Provided by: pvrg-jpeg_1.2.1+dfsg1-7_amd64 
NAME
pvrg-jpeg - JPEG compression and decompression
SYNOPSIS
pvrg-jpeg -iw ImageWidth -ih ImageHeight [-JFIF] [-q(l) Q-Factor]
[-a] [-b] [-d] [-k predictortype] [-n] [-O] [-y] [-z] [-g]
[-p PrecisionValue] [-t pointtransform]
[-r ResyncInterval] [-s StreamName] [-o OutBaseName]
[[-ci ComponentIndex1] [-fw FrameWidth1] [-fh FrameHeight1]
[-hf HorizontalFrequency1] [-vf VerticalFrequency1]
ComponentFile1]
[[-ci ComponentIndex2] [-fw FrameWidth2] [-fh FrameHeight2]

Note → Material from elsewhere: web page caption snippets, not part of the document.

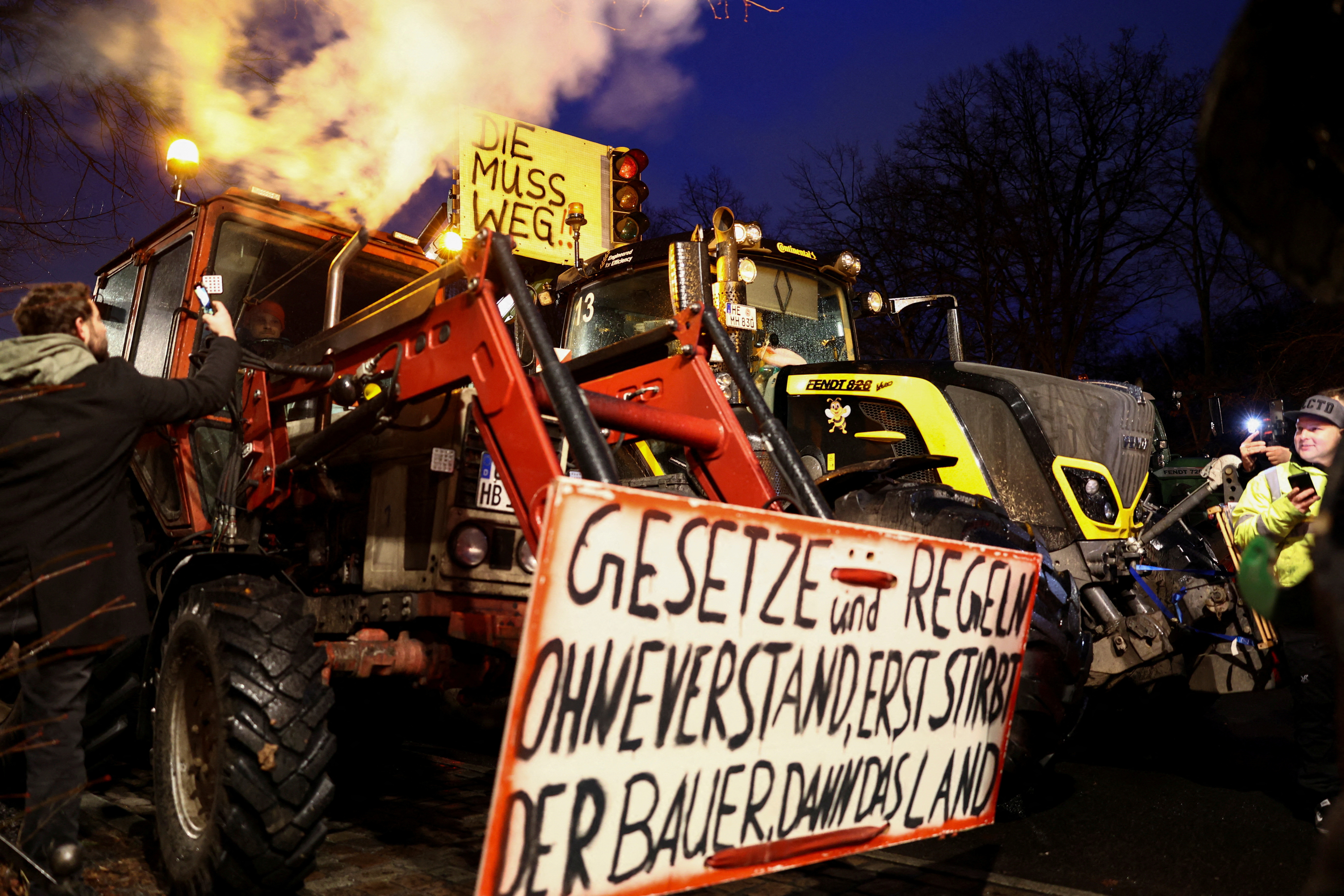 German farmers prepare for a protest against the cut of farm vehicle tax subsidies in Berlin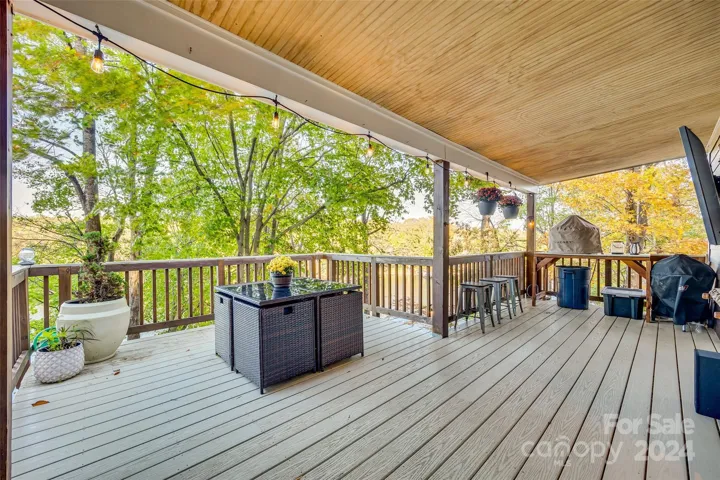 This home boasts an expansive outdoor deck, ideal for hosting gatherings or simply enjoying the serene lake views.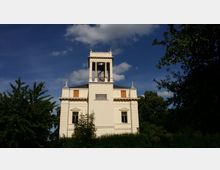 Ein helles, historisches Gebäude mit rechteckigem Turm und Glocken im oberen Bereich, umgeben von Bäumen und Sträuchern. Der Himmel ist klar mit ein paar Wolken im Hintergrund.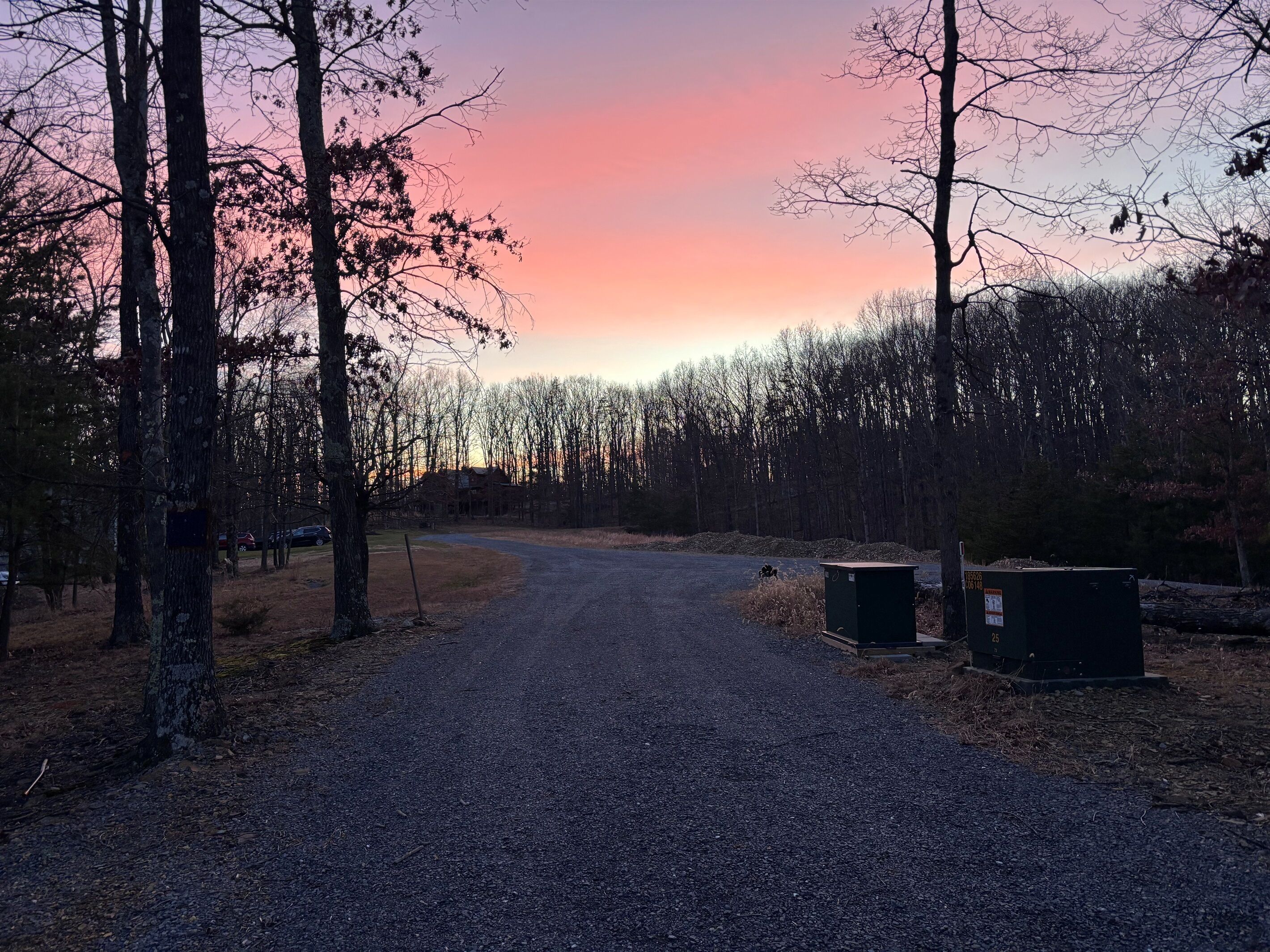 Soralla päällystetty polku, joka kulkee metsäisen alueen läpi, ja taustalla näkyy auringonlasku.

[-hf HorizontalFrequency2] [-vf VerticalFrequency2]
ComponentFile2]
....
DESCRIPTION
pvrg-jpeg is a still-image compression/decompression program that performs JPEG encoding and decoding of
multiple raster-scanned files.
These ``raster-scanned files'' are basically PGM (portable graymap) files without the PGM header. A
typical JPEG image is made of three of these files representing the Y, Cr, and Cb color channels. Usually
the Y (lumience) channel is full size, while the two chroma channels are half width and half height. But
no particular channel really needs to be full size, so pvrg-jpeg will need to know the dimensions of the
original image when creating jpegs.
OPTIONS
ImageWidth
specifies the width of the original image. This should correspond to the width of the widest
component and, thus, the width of the ``original image''. All components have widths roughly
corresponding to an integer decimation ratio from this specification.
ImageHeight
specifies the height of the tallest component. This corresponds to the height of the ``original
image''.
-JFIF specifies that a JFIF header is placed on the encoded stream. This is unnecessary for decoding.
Q-Factor
option specifies a multiplicative factor for the quantization: each quantization coefficient of
the default matrix is scaled by (Q-Factor/50). A Q-Factor of 0 is the same thing as a Q-Factor of
50 because it disables this function. -q specifies an 8 bit quantization matrix; -ql specifies a
16 bit quantization matrix, useful for 12 bit data.
-a enables the double-precision floating point Reference DCT. (Default is Chen DCT.)
-b enables the Lee DCT. (Default is Chen DCT.)
-d enables decoding. See below.
-g This option will put PGM headers on output files when decoding.
-k predictortype
The lossless predictor type, specified as an integer between 1-7. If specified, then lossless
mode is used.
-n This option specifies that the files should not be transmitted in interleaved format.
-o OutBaseName
This will use specified string as a base name for output files when decoding.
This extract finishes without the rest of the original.